Диспуты о языке богослужения чаще всего проходят в теоретической плоскости. Перевод сделает службу приземленной, на обыденном или разговорном языке славить Всевышнего – недостойно, считают сторонники церковно-славянского языка. Дискуссии на эту тему бесполезны, подобные утверждения можно проверять только практикой.

В храме Преображения Господня на киевских Теремках некоторые части службы уже давно служат по-украински. Буквально недавно – вечером 8 марта мы с другом молились там на литургии Преждеосвященных Даров. Друзья меня потом спрашивали: как впечатления? За те 12 лет, что хожу в церковь, я успел привыкнуть к церковно-славянскому, но я не почувствовал ни капли смущения, когда прокимны перед чтением Апостола канонарх стал возглашать по-украински. Потом и сам Апостол, и Евангелие читали по-украински. Почему-то все это не резало слух. В общине святой Екатерины, которая служит на Куреневке, некоторые службы проходят на трех языках: церковно-славянском, греческом и украинском. Служба от этого не становится более приземленной.

Украинский – не родной мне язык, хотя и знаком с детства. Но я не понимаю, почему нужно лишать украинцев права молиться на родном языке.

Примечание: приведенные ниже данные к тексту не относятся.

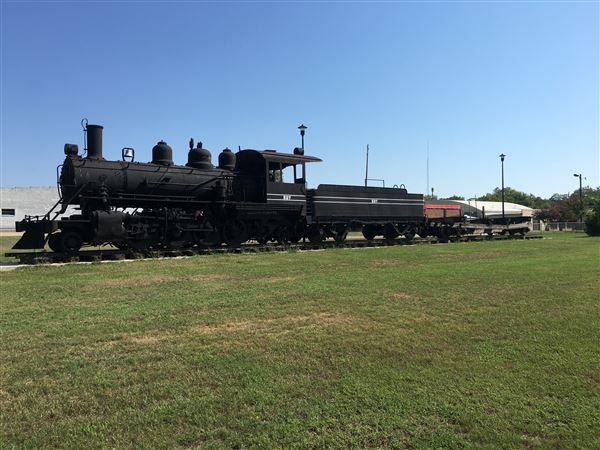 Ole 227  (Train Engine) - Original train engine used for many years in McCurtain County for logging purposes. (9/4/2019 - Credits: Charity O'Donnell)
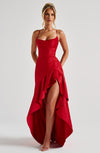 Women's Backless Ruffles Irregular Dress Summer Fashion Even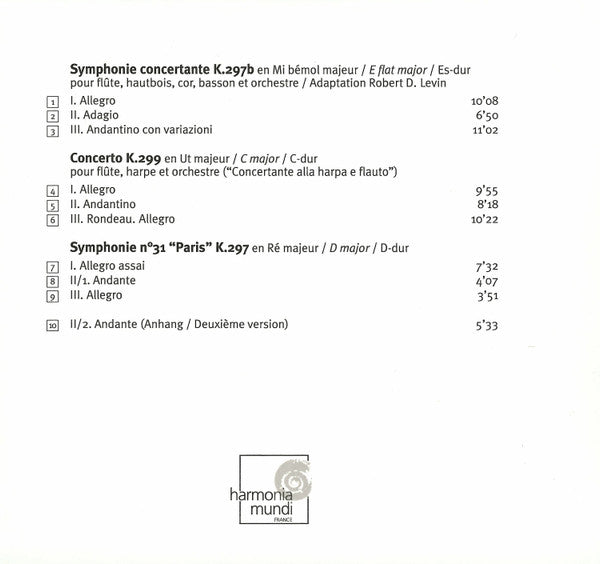 Freiburger Barockorchester - Wolfgang Amadeus Mozart : "Concertante" Paris 1778 - Concerto Pour Flute Et Harpe (CD, Album, Dig)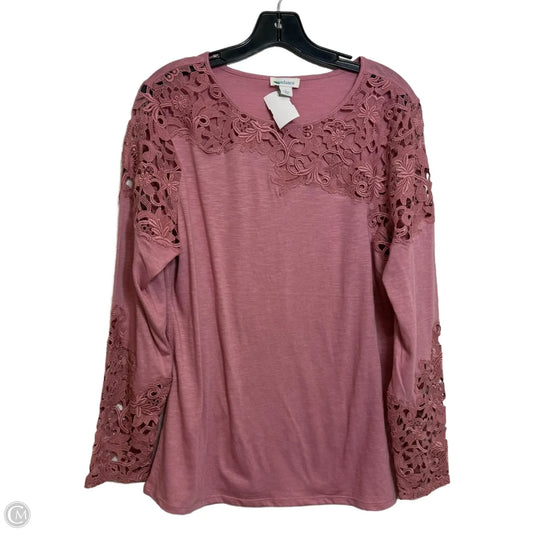 Top Long Sleeve By Sundance In Rose Gold, Size: L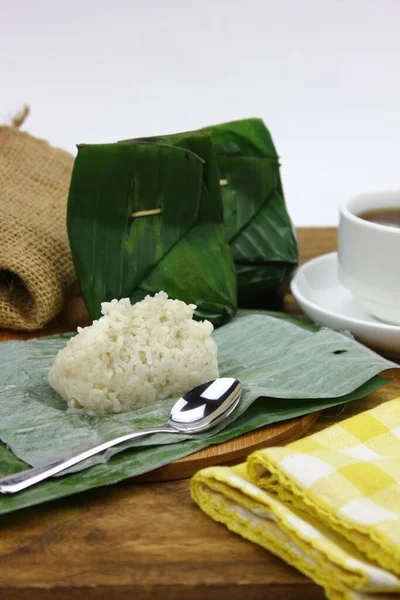 Zongzi, traditional Chinese rice dish made of glutinous rice and stuffed with wrapped bamboo leaves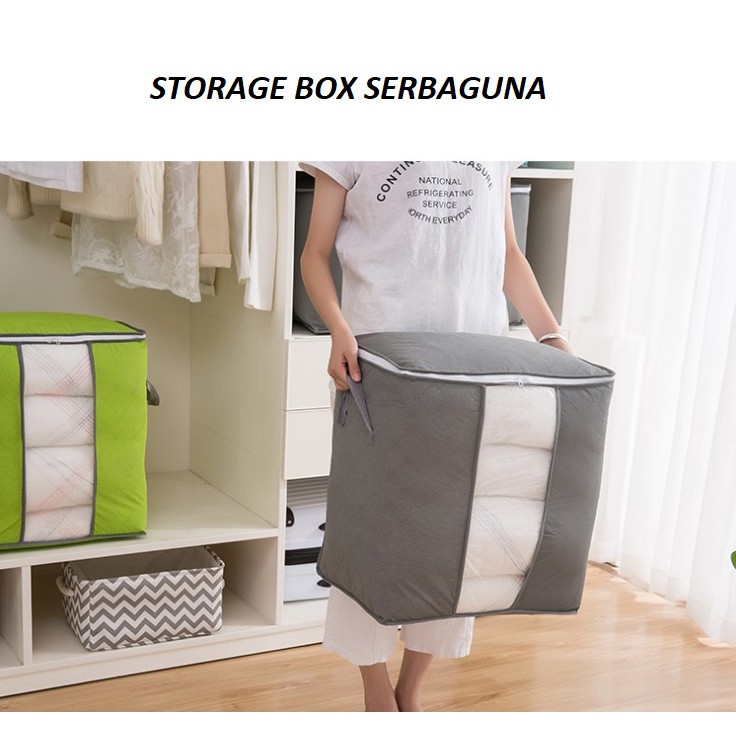 MARKAS88 Storage Bag 88 Storage Box Tempat Pakaian / Box Organizer / Tempat Penyimpanan Pakaian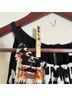 Chico's Print Black White Orange Casual Dress Size XS - photo 5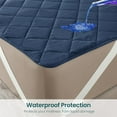 thumbnail image 5 of Queen Size Waterproof Mattress Protector - Soft Breathable Queen Bed Mattress Pad with Elastic Straps, Noiseless, Non Slip, Washable Cooling Mattress Cover - Fit Upto 8-16 inches Mattresses, 5 of 9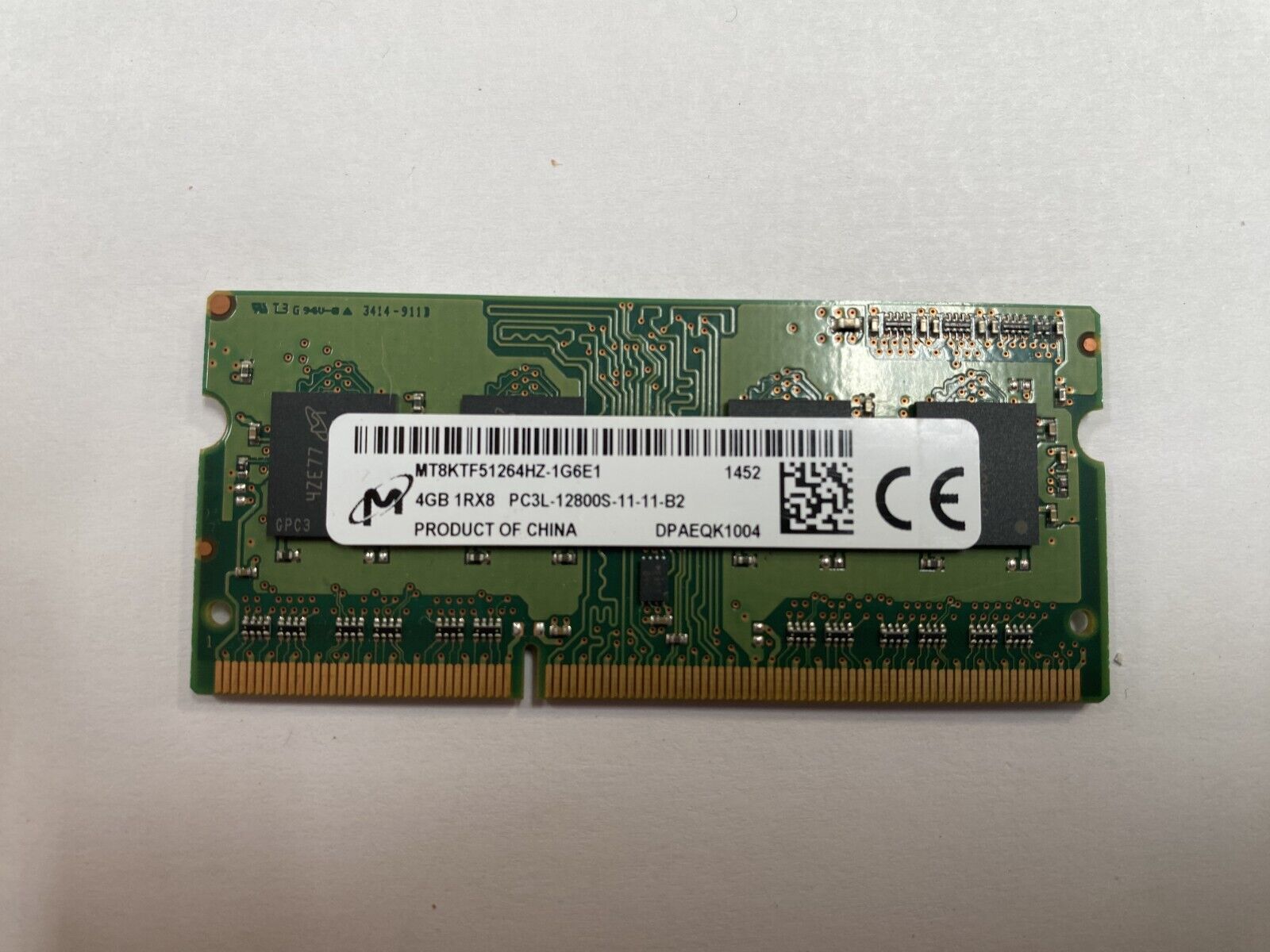 Micron 8GB (4GB x2) 1Rx8 PC3L-12800S-11-11-B2 MT8KTF51264HZ-1G6E1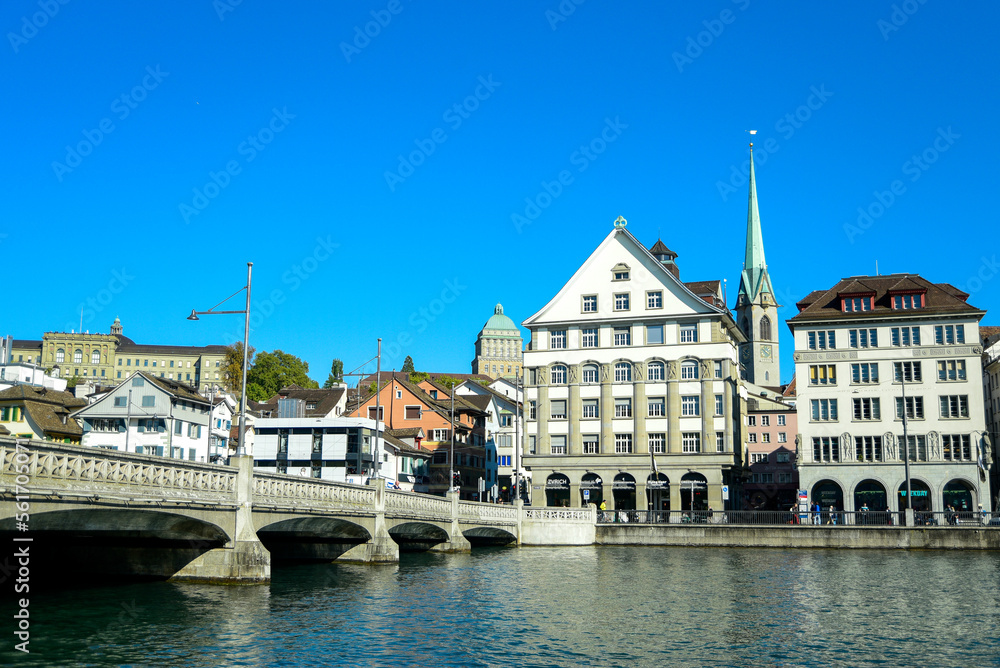 Fototapeta premium スイスチューリッヒの美しい風景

Все разговоры о том, что службу нельзя переводить – от непонимания того, кому эта служба нужна. Богу? Разве Он Сам не является в Себе источником всякого блага? Очевидно, что она нужна людям. Тогда необходимость перевода очевидна.

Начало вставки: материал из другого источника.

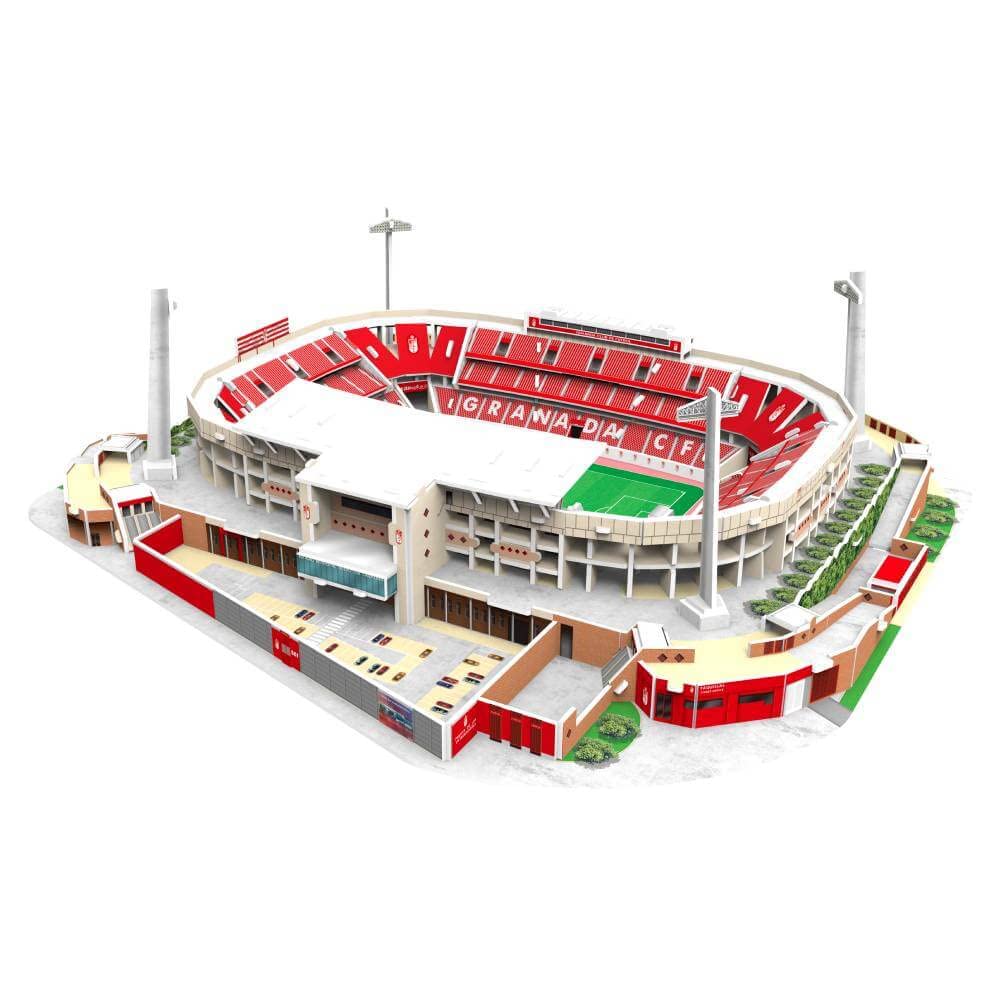 Granada CF Collezionabile Stadio Nuovo Los Cármenes Cartone Rosso e Bianco 31,5 x 23 x 4 cm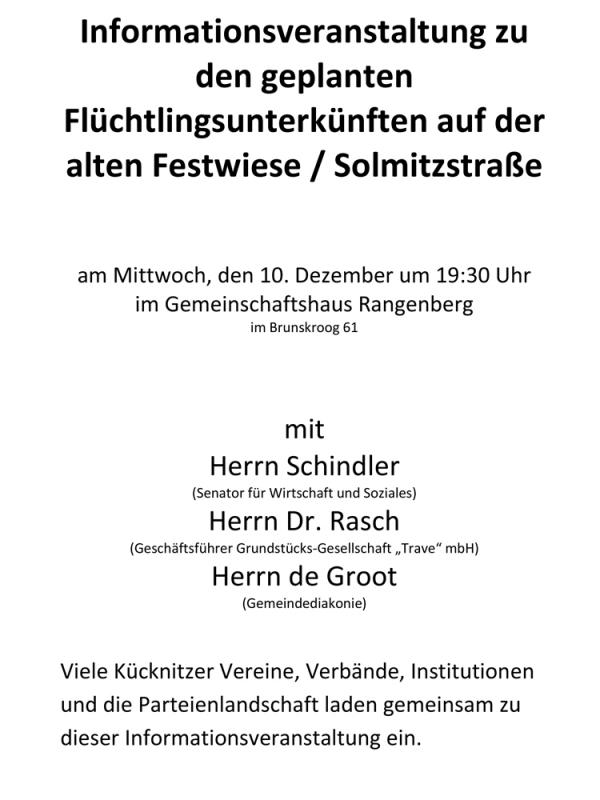 Informationsveranstaltung Kücknitz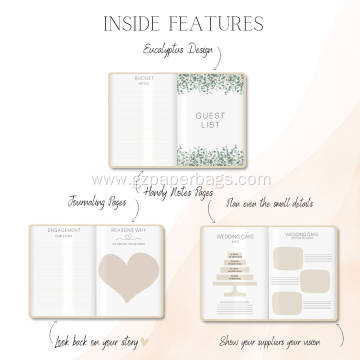 Best Printable Personalised Wedding Planner with Linen Cover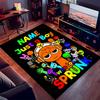 Custom personalization Sprunki themed Print Area Rug - Soft, Washable Non-Slip Indoor Mat,Living Room,Home&Office Decorative Rug
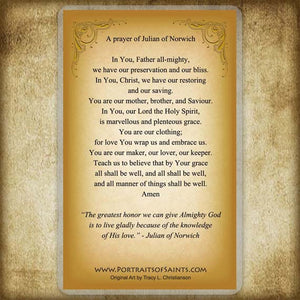 St. Julian of Norwich Holy Card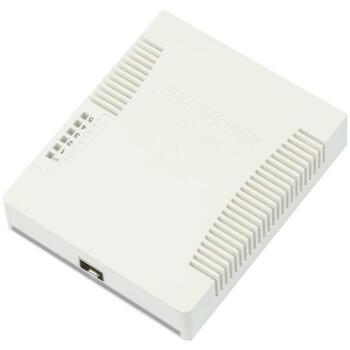 Mikrotik CSS106-5G-1S коммутатор 5 x 1000M, 1 x SFP, PoE, DC-in 6-31V, рабочая температура -25-65°C (CSS106-5G-1S)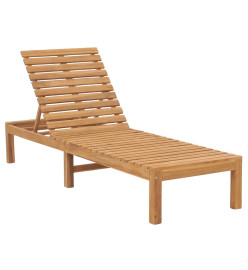 Chaise longue Bois de teck solide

Тем более, что язык молитвы – вопрос второстепенный. «Миллионы людей молились и молятся Богу, и всех их слышит Бог. Не только слышит, но и понимает. И понимает не потому, что Он — полиглот, не потому, что знает все человеческие языки со всеми их наречиями и произношением. Не потому... Язык сердца нашего знает Бог. В этом языке нет подлежащих и сказуемых, причастий и наречий, запятых и кавычек. Но в нём есть то, чем живёт человек: вера, тревога, радость, страх, сострадание. Всё это видит и понимает Бог», - пишет замечательный современный проповедник протоиерей Андрей Ткачев.

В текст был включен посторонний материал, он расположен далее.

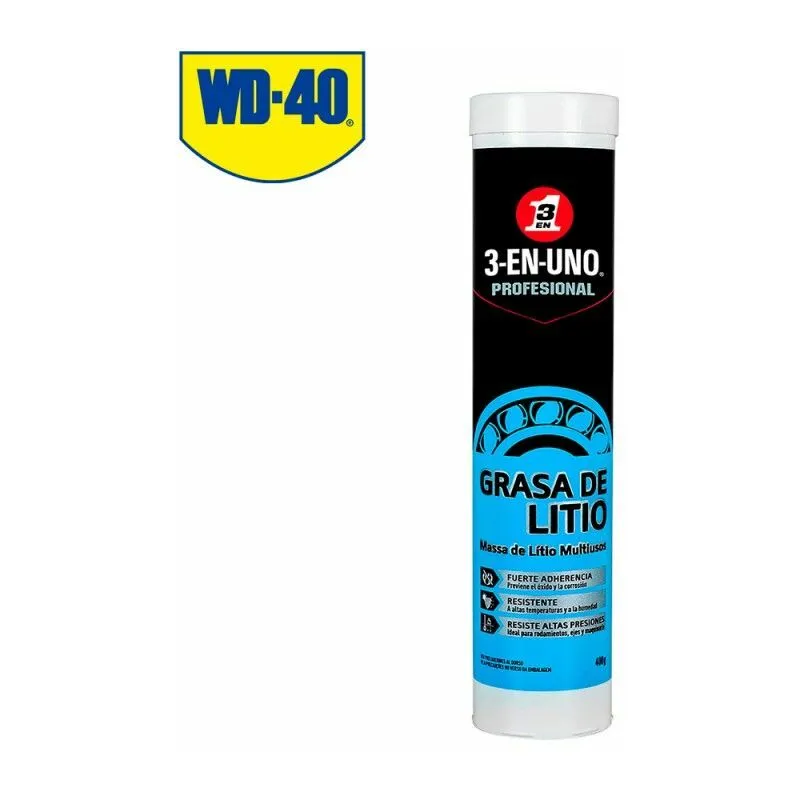 3-en-un - Tubo per grasso al litio multiuso 400gr 3 in 1 edm 08285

Аргумент о том, что язык общения с Богом должен быть иным, чем язык нашего повседневного общения, отдает какой-то интеллектуальной ленью. Как будто вся наша жизнь состоит из двух полюсов – церковно-славянского и языка пьяных скандалов. Наша обыденная речь далеко ушла от литературного русского языка, как суржик не похож на поэзию Лины Костенко. Говорят, вопрос в том, где найти качественные переводы? Почитайте, хотя бы, как переводил Сергей Аверинцев, какие стихи писал Иосиф Бродский о Рождестве и Сретении, как Александр Пушкин поэтично пересказал молитву Ефрема Сирина.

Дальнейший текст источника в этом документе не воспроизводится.